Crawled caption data
=== Begin Enclosure ===

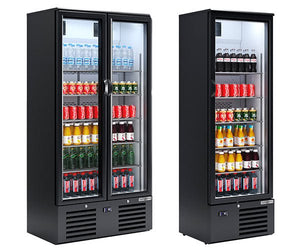 Chłodziarki do napojów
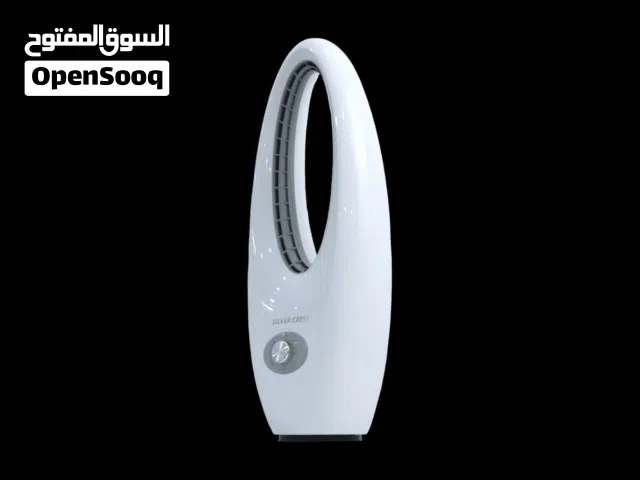 مروحه كهربائيه ماركة سلفر كرست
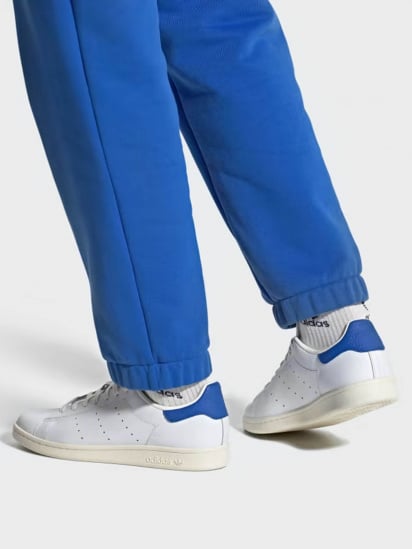 Кеды низкие adidas Stan Smith модель ID2037 — фото 6 - INTERTOP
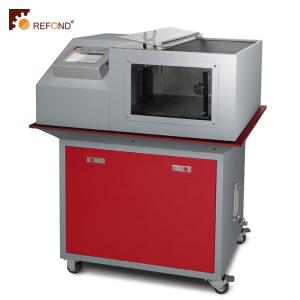 Quality ISO 22958 Aatcc 35 Rain Test wholesale
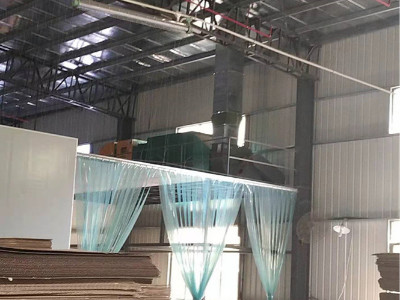 東莞市良紙實業有限公司竣工時間公示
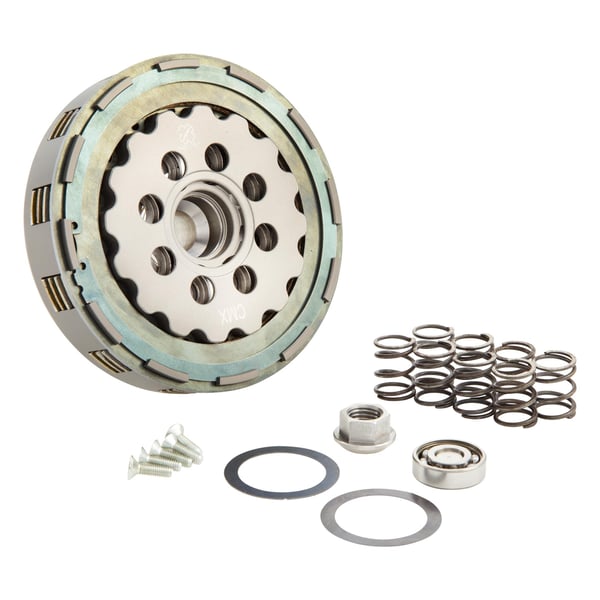 Kupplung CRIMAZ CMX Easy f�r Vespa 125 VNA-TS-150 VBA-Super-180-200 Rally-PX80-200-PE-Lusso-T5-Cosa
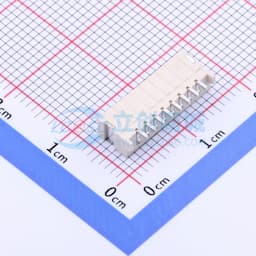 1x8P 间距:1.5mm 卧贴缩略图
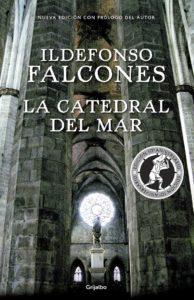 Portada - La catedral del Mar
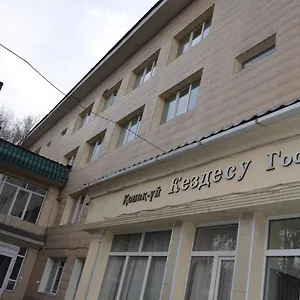  Отель Kezdesu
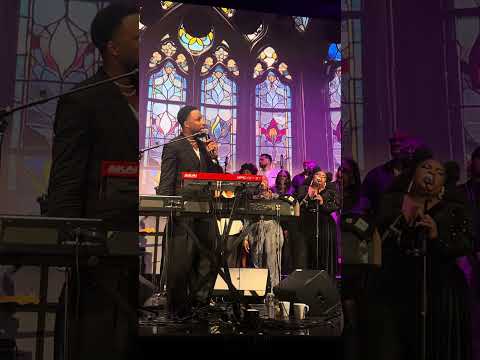 The Promise | Cory Henry (LIVE) - Inglewood, CA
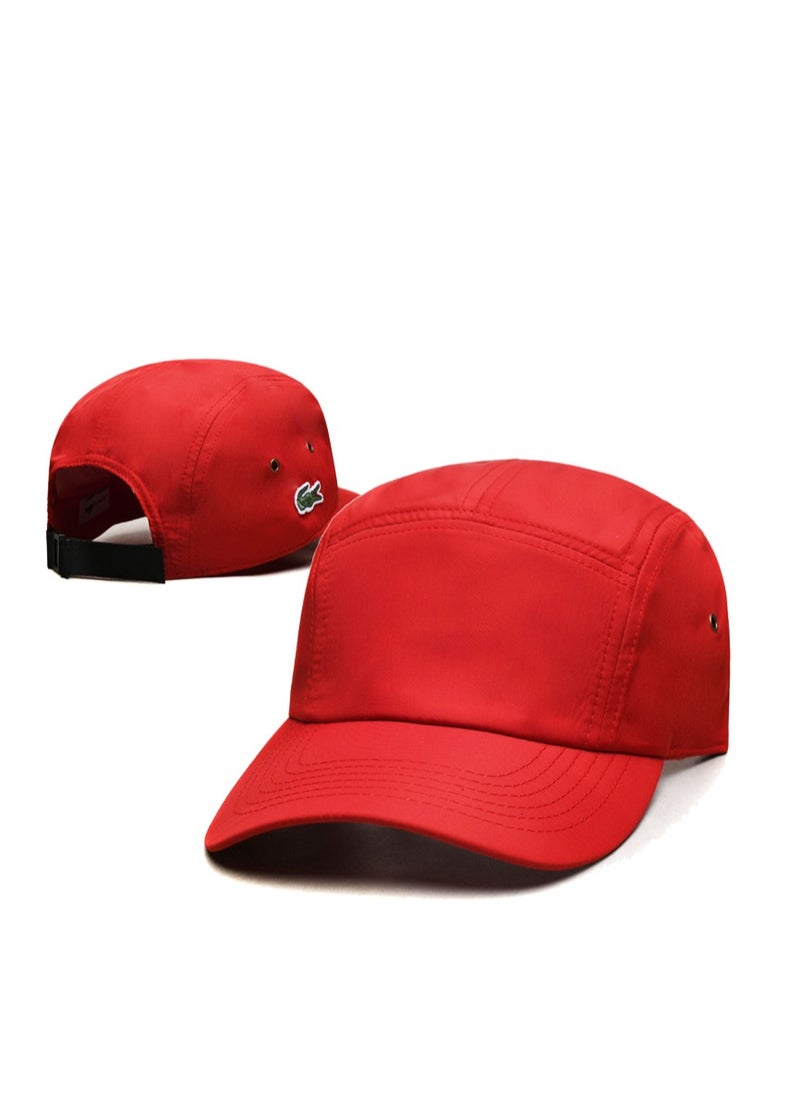 Unisex adjustable baseball cap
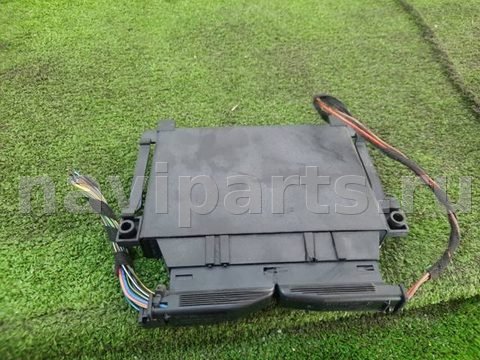 Блок управления АКПП Mercedes C W204, 2010 г., OEM A0034464110, арт. 38833, фото 7
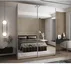 Skriňa s posuvnými dverami Lux 2 190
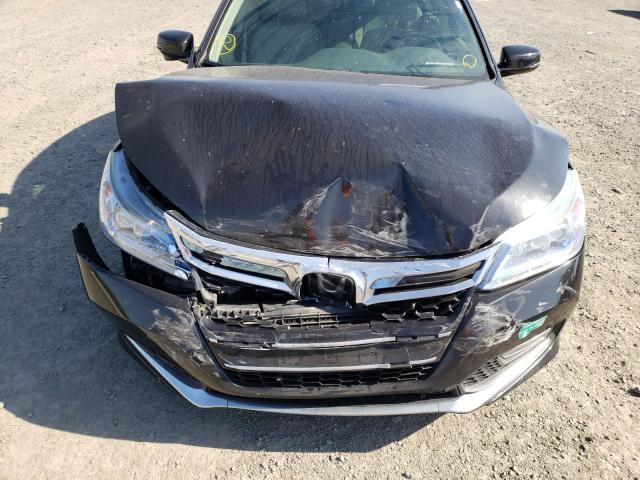 2014 HONDA ACCORD PLU JHMCR5F77EC000988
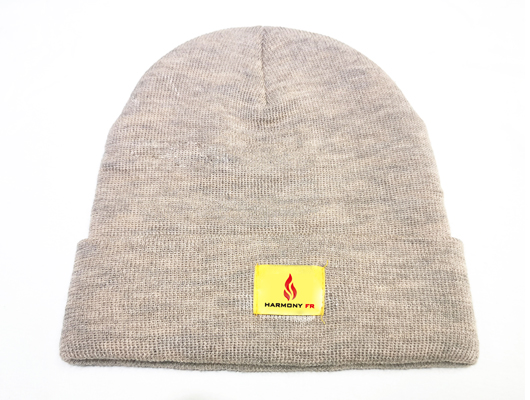 Flame Resistant Knit Cap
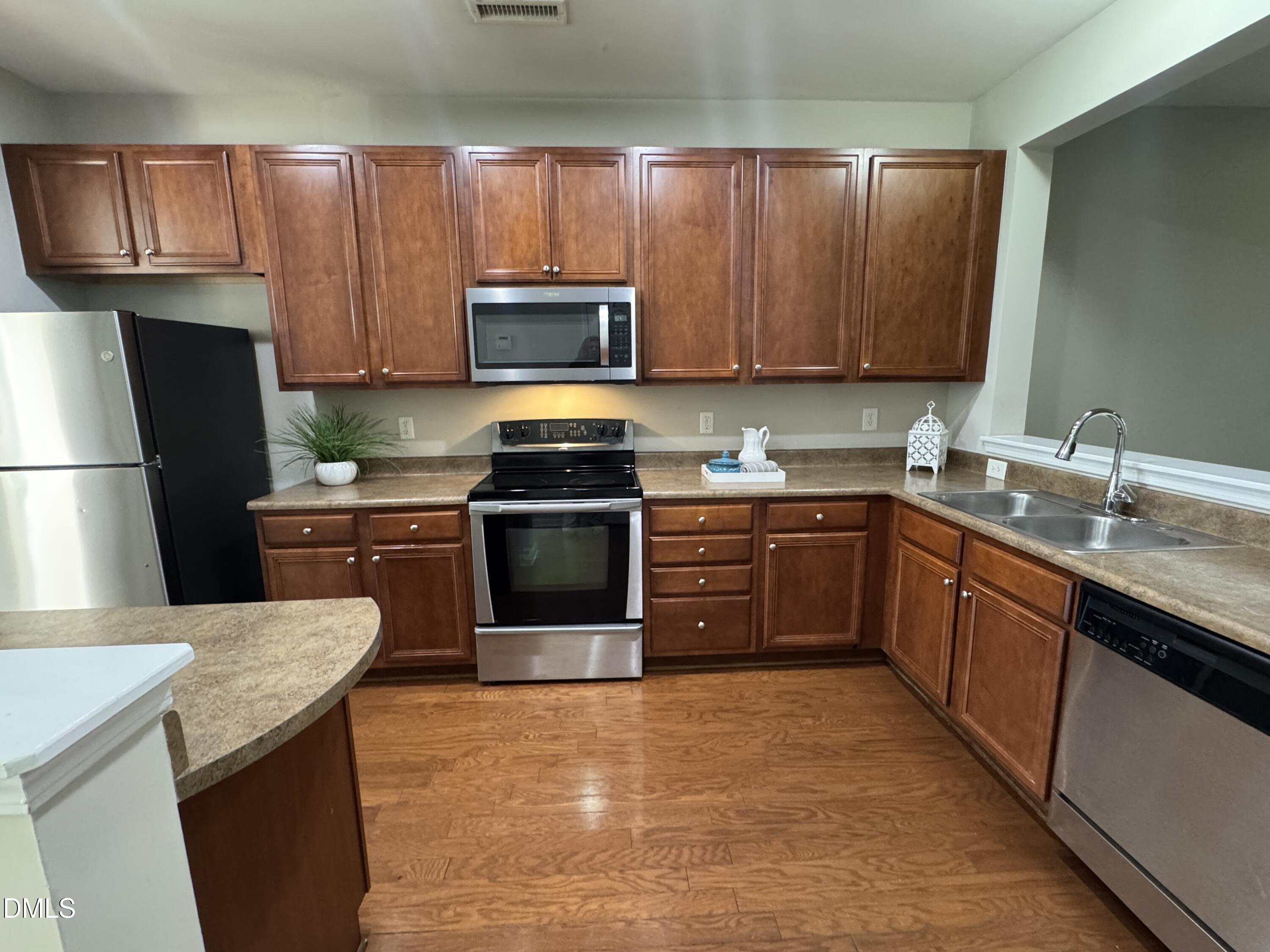 6641 Clarksburg Place Raleigh, NC 27616 - Photo 3 of 14
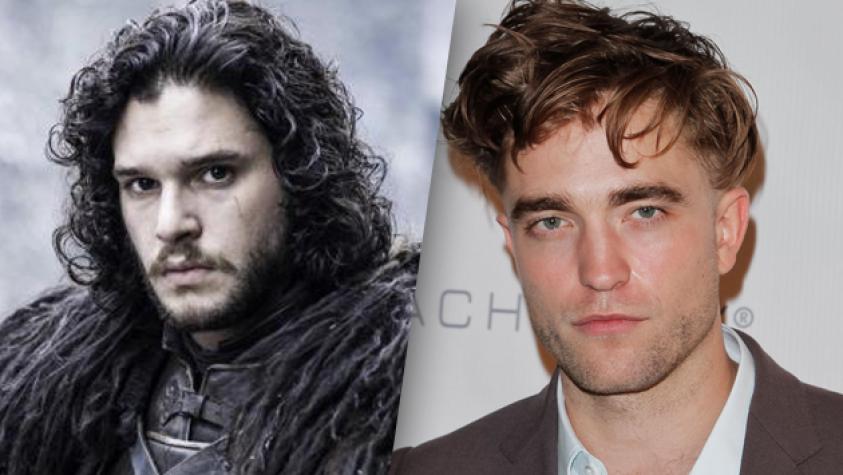 Kit Harington reemplazará a Robert Pattinson en “Brimstone”
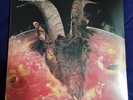 Sealed THE ROLLING STONES Goats Head Soup 180g CLEAR COLORED VINYL 2 LP set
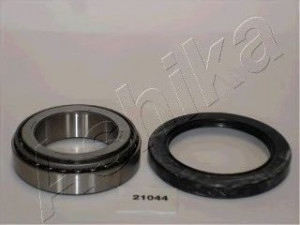 ASHIKA 44-21044 rato guolio komplektas 
 Ašies montavimas/vairavimo mechanizmas/ratai -> Rato stebulė/montavimas -> Rato guolis
43253-C6000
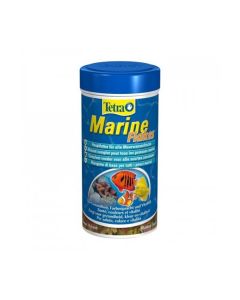 Tetra Marine Flakes 250 ml - Destockage
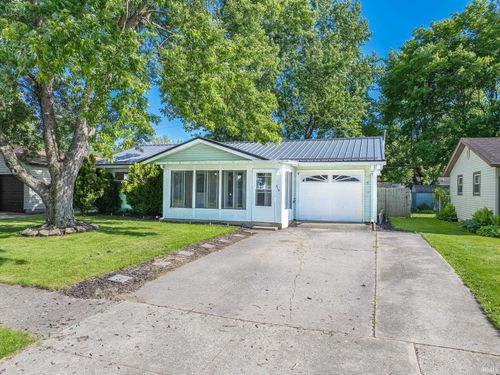 812 Birchwood Court, Wabash, IN, 46992 | Card Image
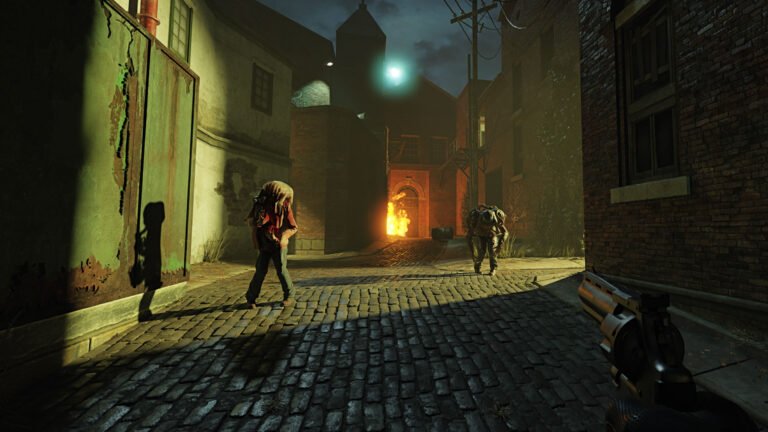 🤯 Half-Life 2 Renasce com RTX: Ray Tracing, DLSS e Neural Shaders Levam o Clássico a um Novo Nível! 🚀 10 half life 2 rtx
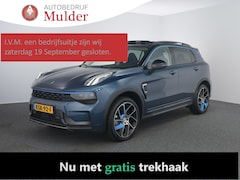 Lynk & Co 01 - 1.5 | Memory | Virtual | Pano | 360 Camera | ACC |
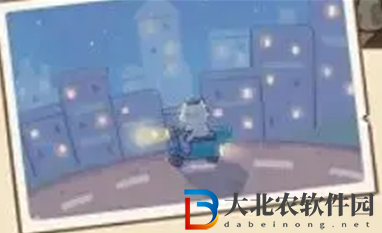 動物餐廳攝像小狗的來信怎么獲得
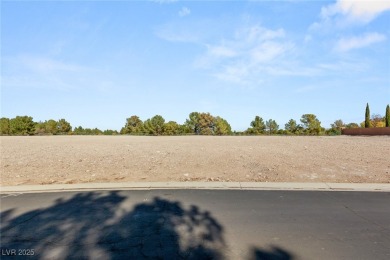 A rare opportunity to own a premium golf course lot in on Southern Highlands Golf Club in Nevada - for sale on GolfHomes.com, golf home, golf lot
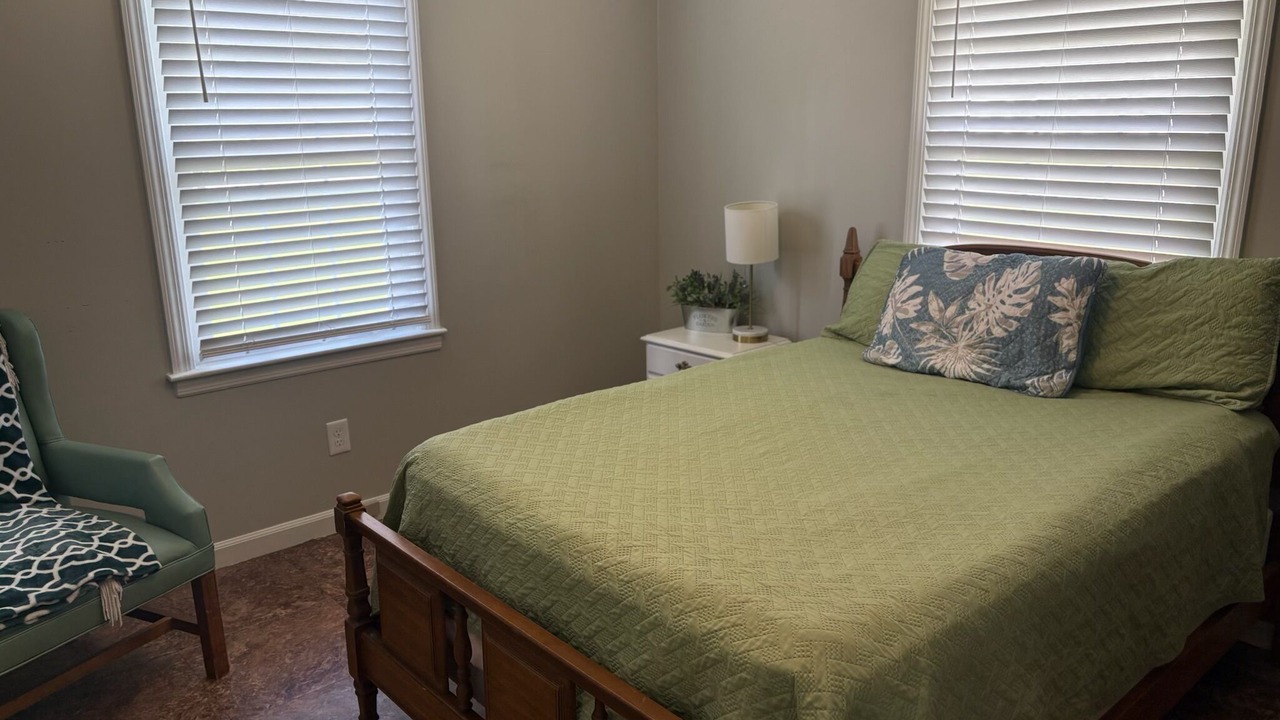 Photo of Bedroom in Jacksonville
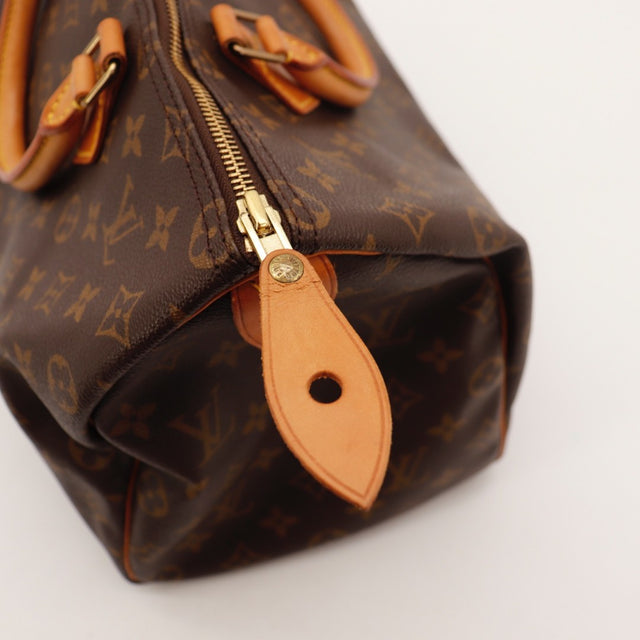 Le Speedy 35 Louis Vuitton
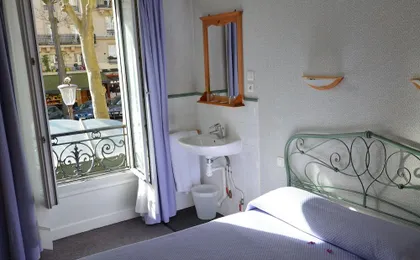 Port Royal Hotel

=== End Enclosure ===

Activity
Look above for the line with "1x8P 间距:1.5mm 卧贴缩略图" and copy exactly from it through the line with "ASHIKA 44-21044 rato guolio komplektas", both included. Omit the pictures.

Reply
 1x8P 间距:1.5mm 卧贴缩略图
 Portada - La catedral del Mar
  Отель Kezdesu
 The Promise | Cory Henry (LIVE) - Inglewood, CA
 Unisex adjustable baseball cap
 Блок управления АКПП Mercedes C W204, 2010 г., OEM A0034464110, арт. 38833, фото 7
 Skriňa s posuvnými dverami Lux 2 190
 2014 HONDA ACCORD PLU JHMCR5F77EC000988
 Flame Resistant Knit Cap
 6641 Clarksburg Place Raleigh, NC 27616 - Photo 3 of 14
 Kit Harington reemplazará a Robert Pattinson en “Brimstone”
 Sealed THE ROLLING STONES Goats Head Soup 180g CLEAR COLORED VINYL 2 LP set
 ASHIKA 44-21044 rato guolio komplektas 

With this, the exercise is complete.